Set down the data below in full, exactly as it reads, but without the pictures.

* Data to process:
········

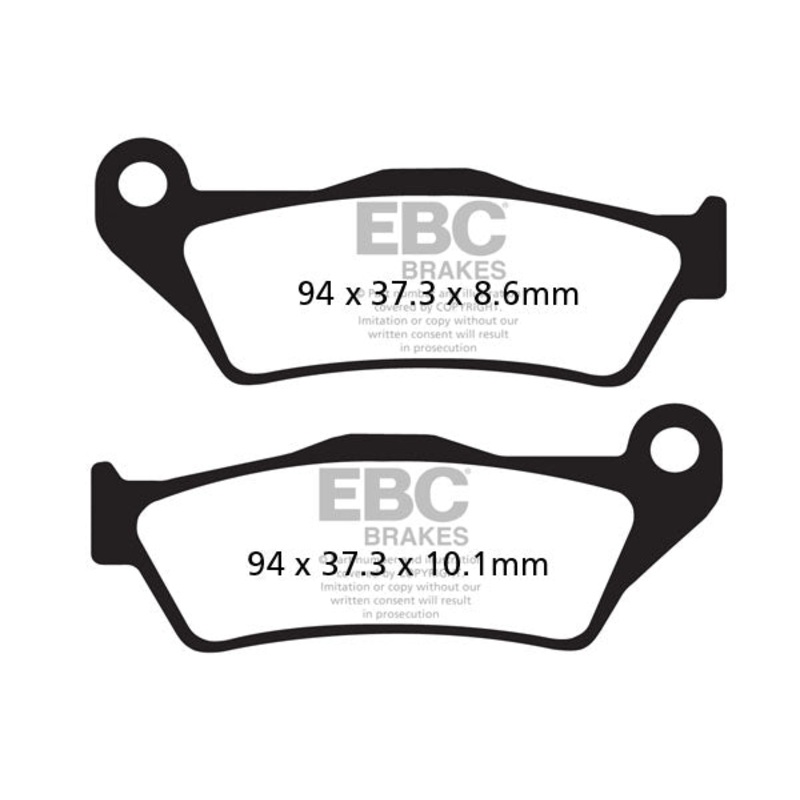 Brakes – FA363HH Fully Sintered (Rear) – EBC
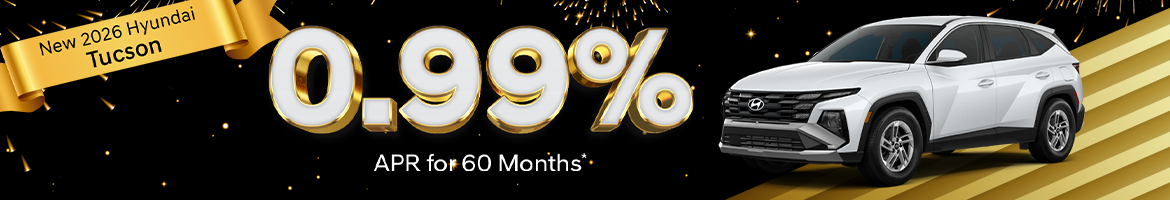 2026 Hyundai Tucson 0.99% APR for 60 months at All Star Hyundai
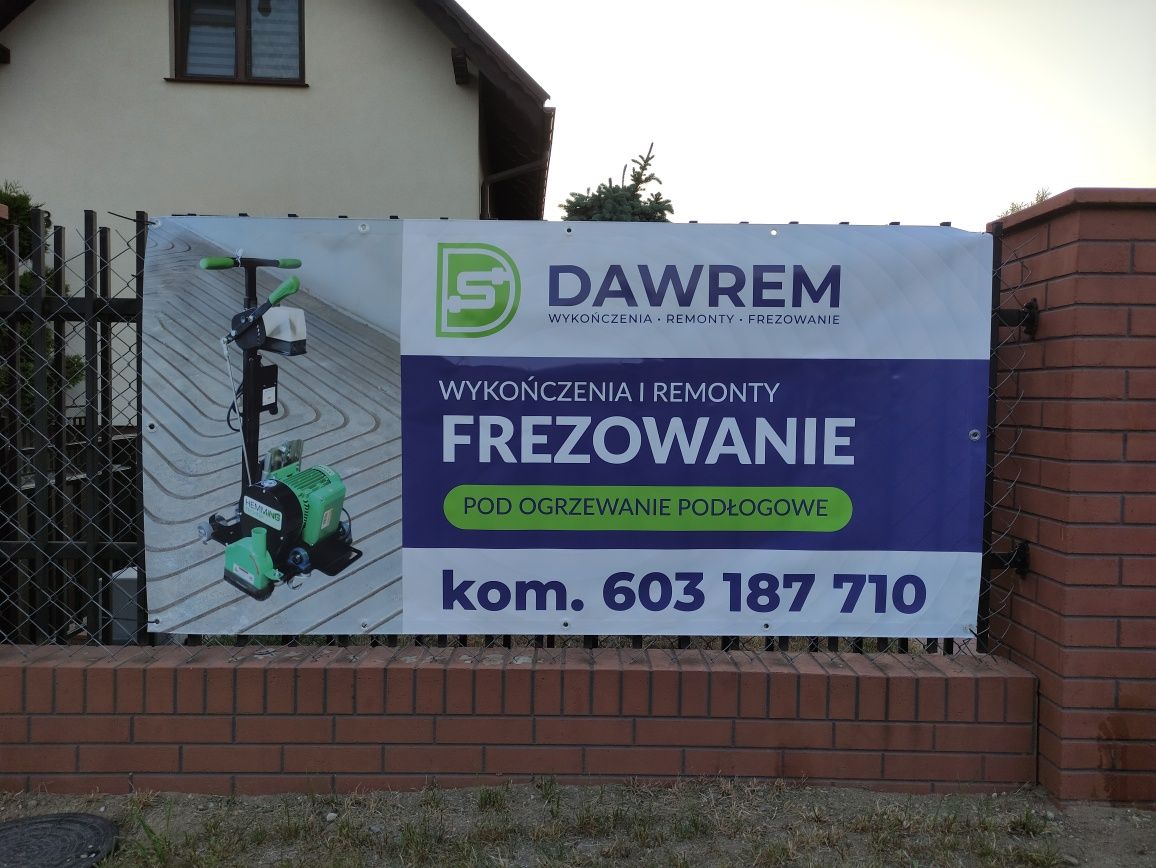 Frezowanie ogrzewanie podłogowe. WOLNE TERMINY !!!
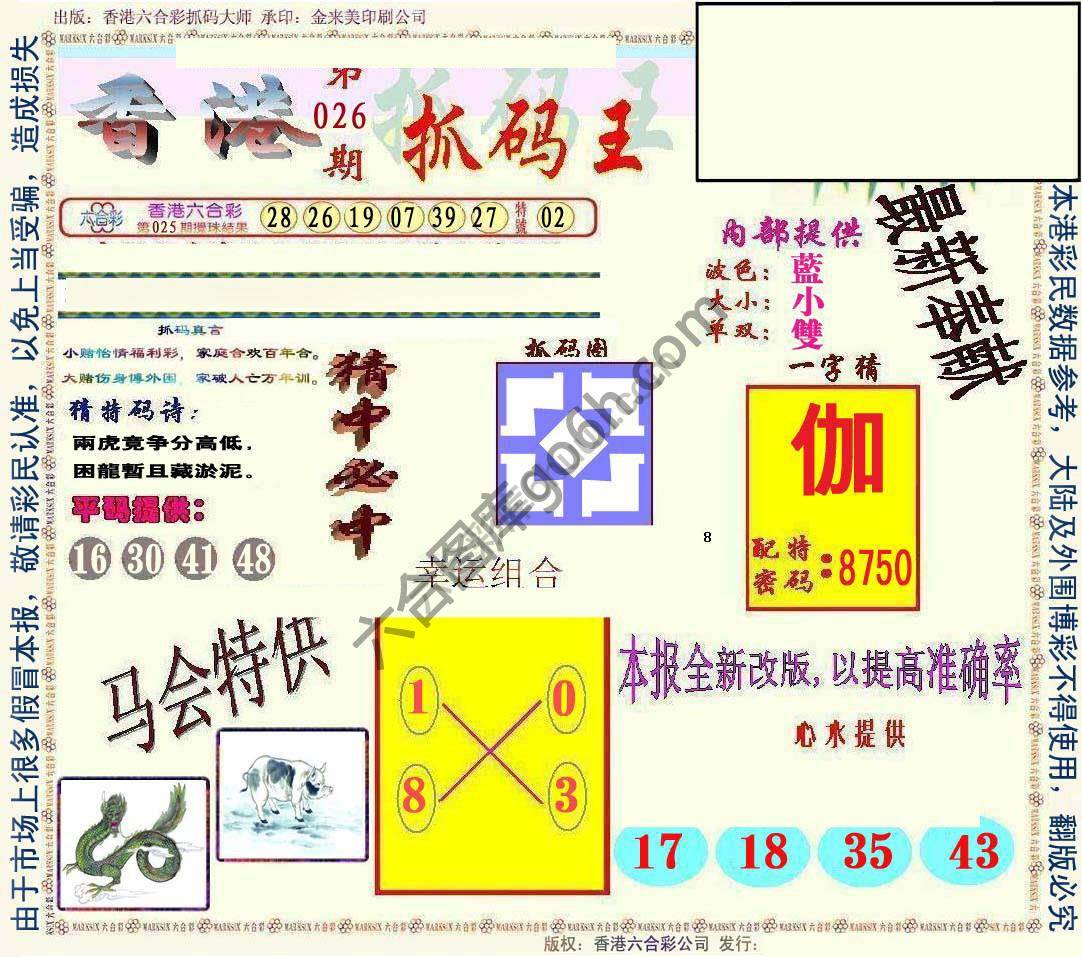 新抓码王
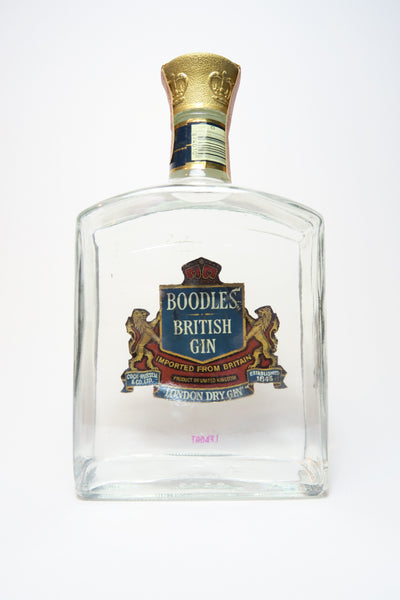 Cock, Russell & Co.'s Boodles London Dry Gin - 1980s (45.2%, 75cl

········

* Answer below:
 Brakes – FA363HH Fully Sintered (Rear) – EBC
 2026 Hyundai Tucson 0.99% APR for 60 months at All Star Hyundai
 Frezowanie ogrzewanie podłogowe. WOLNE TERMINY !!!
 新抓码王
 Cock, Russell & Co.'s Boodles London Dry Gin - 1980s (45.2%, 75cl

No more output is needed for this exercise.